1. Con la sentenza di condanna per i reati previsti dagli articoli 314, 317, 318, 319, 319-ter, 319-quater, 320 e 322-bis, è sempre ordinato il pagamento di una somma equivalente al prezzo o al profitto del reato a titolo di riparazione pecuniaria in favore dell’amministrazione lesa dalla condotta del pubblico ufficiale o dell’incaricato di un pubblico servizio, restando impregiudicato il diritto al risarcimento del danno.

(1) Articolo inserito dall’art. 4, comma 1, L. 69/2015 e modificato dalla L. 3/2019.

Rassegna di giurisprudenza

L’art. 322-quater, introdotto con la L. 69/2015, prevede che "Con la sentenza di condanna per i reati previsti dagli articoli 314, 317, 318, 319, 319-ter, 319-quater, 320, 321 e 322- bis, è sempre ordinato il pagamento di una somma equivalente al prezzo o al profitto del reato a titolo di riparazione pecuniaria in favore dell’amministrazione lesa dalla condotta del pubblico ufficiale o dell’incaricato di un pubblico servizio, restando impregiudicato il diritto al risarcimento del danno". Occorre precisare come tale formulazione costituisca il frutto della modifica recentemente apportata con la L. 3/2019 là dove  ai fini della determinazione del quantum della riparazione pecuniaria  ha sostituito il riferimento a "quanto indebitamente ricevuto" dal funzionario pubblico con l’attuale riferimento alla "somma equivalente al prezzo o al profitto del reato".

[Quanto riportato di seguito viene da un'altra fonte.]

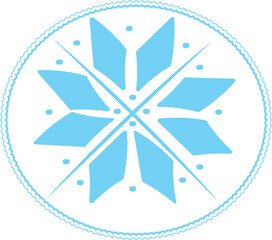 Blue big snowflake. Flat style. Vector.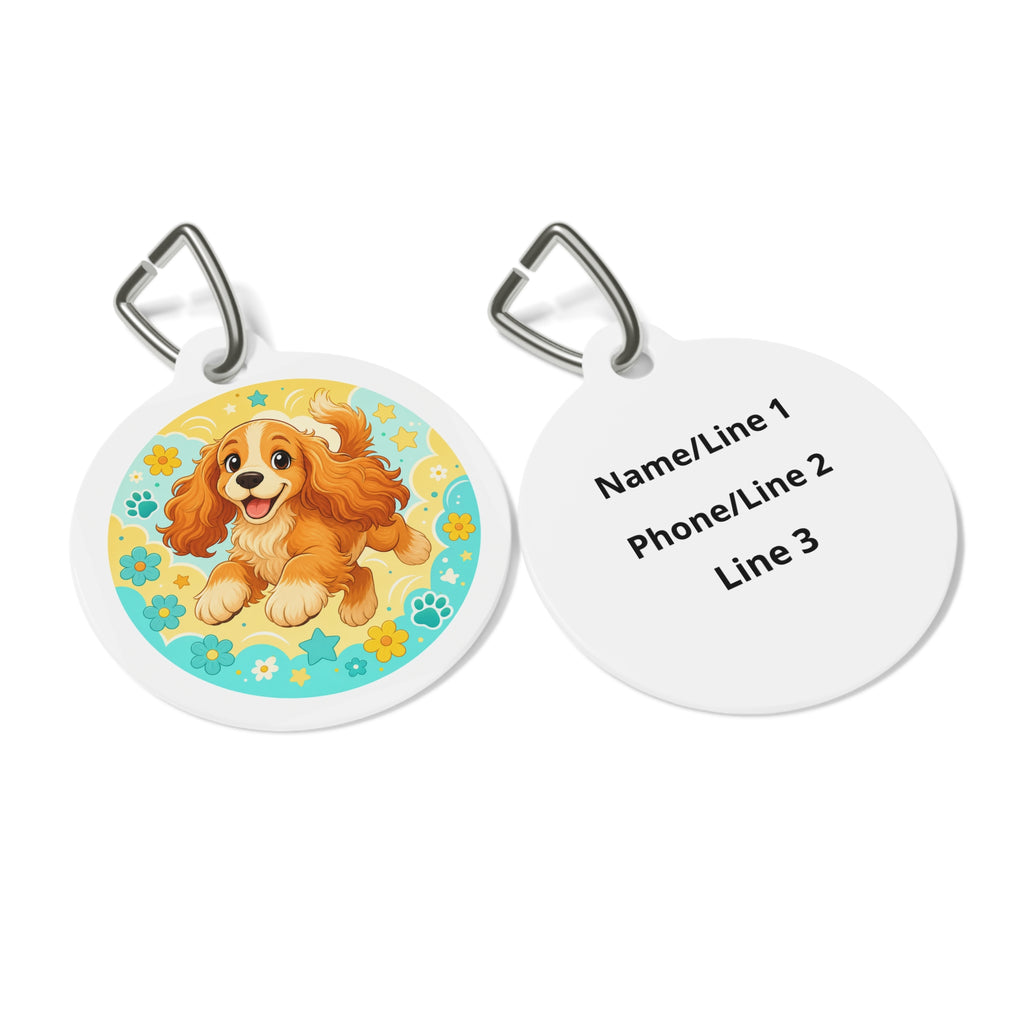 Cocker Spaniel Cheerful Flower Pop Personalized Dog ID Tag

La riparazione pecuniaria ex art. 322-quater ha natura esclusivamente economica e si parametra al vantaggio di natura patrimoniale derivato dalla condotta (profitto) ovvero al compenso dato o promesso per commettere il reato (prezzo). La riparazione va corrisposta in favore dell’amministrazione cui appartiene il pubblico agente, a prescindere e, se del caso, in aggiunta rispetto al risarcimento" del danno cagionato al prestigio ed al buon funzionamento della pubblica amministrazione. L’istituto presenta tratti di indubbio parallelismo con la "riparazione pecuniaria" prevista dall’art. 12 della L. 47/1948, applicabile in caso di diffamazione commessa col mezzo della stampa, là dove si applica "oltre al risarcimento dei danni ai sensi dell’art. 185.".

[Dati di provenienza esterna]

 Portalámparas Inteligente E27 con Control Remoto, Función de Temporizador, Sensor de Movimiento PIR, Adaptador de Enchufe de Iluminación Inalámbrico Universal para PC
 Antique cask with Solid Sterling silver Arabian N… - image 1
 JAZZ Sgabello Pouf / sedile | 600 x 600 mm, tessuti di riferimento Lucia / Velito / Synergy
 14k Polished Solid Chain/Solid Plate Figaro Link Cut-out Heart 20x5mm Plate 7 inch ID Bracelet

Come si legge nei lavori preparatori della L. 69/2015, il meccanismo della riparazione del danno, fissata in un’entità corrispondente a quanto indebitamente ricevuto, che deve essere versata a vantaggio dell’amministrazione di appartenenza, rappresenta una sanzione per l’infedeltà del pubblico ufficiale e per il danno cagionato all’amministrazione di appartenenza, con spiccata funzione dissuasiva. In linea con l’intentio legis del legislatore e con le indicazioni della migliore dottrina, nel lasciare del tutto impregiudicato il diritto della persona offesa al risarcimento del danno, a prescindere dalla denominazione, la riparazione muove dunque nella chiara prospettiva di realizzare un rafforzamento dell’armamentario sanzionatorio posto a tutela del buon andamento della pubblica amministrazione. Deve, pertanto, ritenersi che la riparazione pecuniaria costituisca - come quella prevista dal citato art. 12 della legge sulla stampa  una "sanzione civile accessoria" alla condanna per i reati – presupposto di cui al catalogo dello stesso art. 322-quater.

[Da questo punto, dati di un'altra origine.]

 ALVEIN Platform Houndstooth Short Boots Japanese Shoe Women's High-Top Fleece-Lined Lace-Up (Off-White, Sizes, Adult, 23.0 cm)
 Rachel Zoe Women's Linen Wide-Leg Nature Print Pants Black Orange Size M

L’istituto si presenta sotto forma di una "tipica" obbligazione civilistica  là dove ha un contenuto squisitamente economico ed è destinata alla persona offesa , ma  giusta l’applicazione in termini di obbligatorietà, da parte del giudice penale, a prescindere dal danno civilisticamente inteso e dall’azione risarcitoria della parte civile, anche in aggiunta al risarcimento del danno  assume anche un’indubbia connotazione punitiva. Stante la natura lato sensu punitiva della riparazione pecuniaria, la relativa applicazione  in assenza dei presupposti di legge  è certamente riportabile all’alveo della "pena illegale", dando, dunque, luogo ad un vizio coltivabile in sede di legittimità ai sensi dell’art. 448, comma 2-bis, CPP.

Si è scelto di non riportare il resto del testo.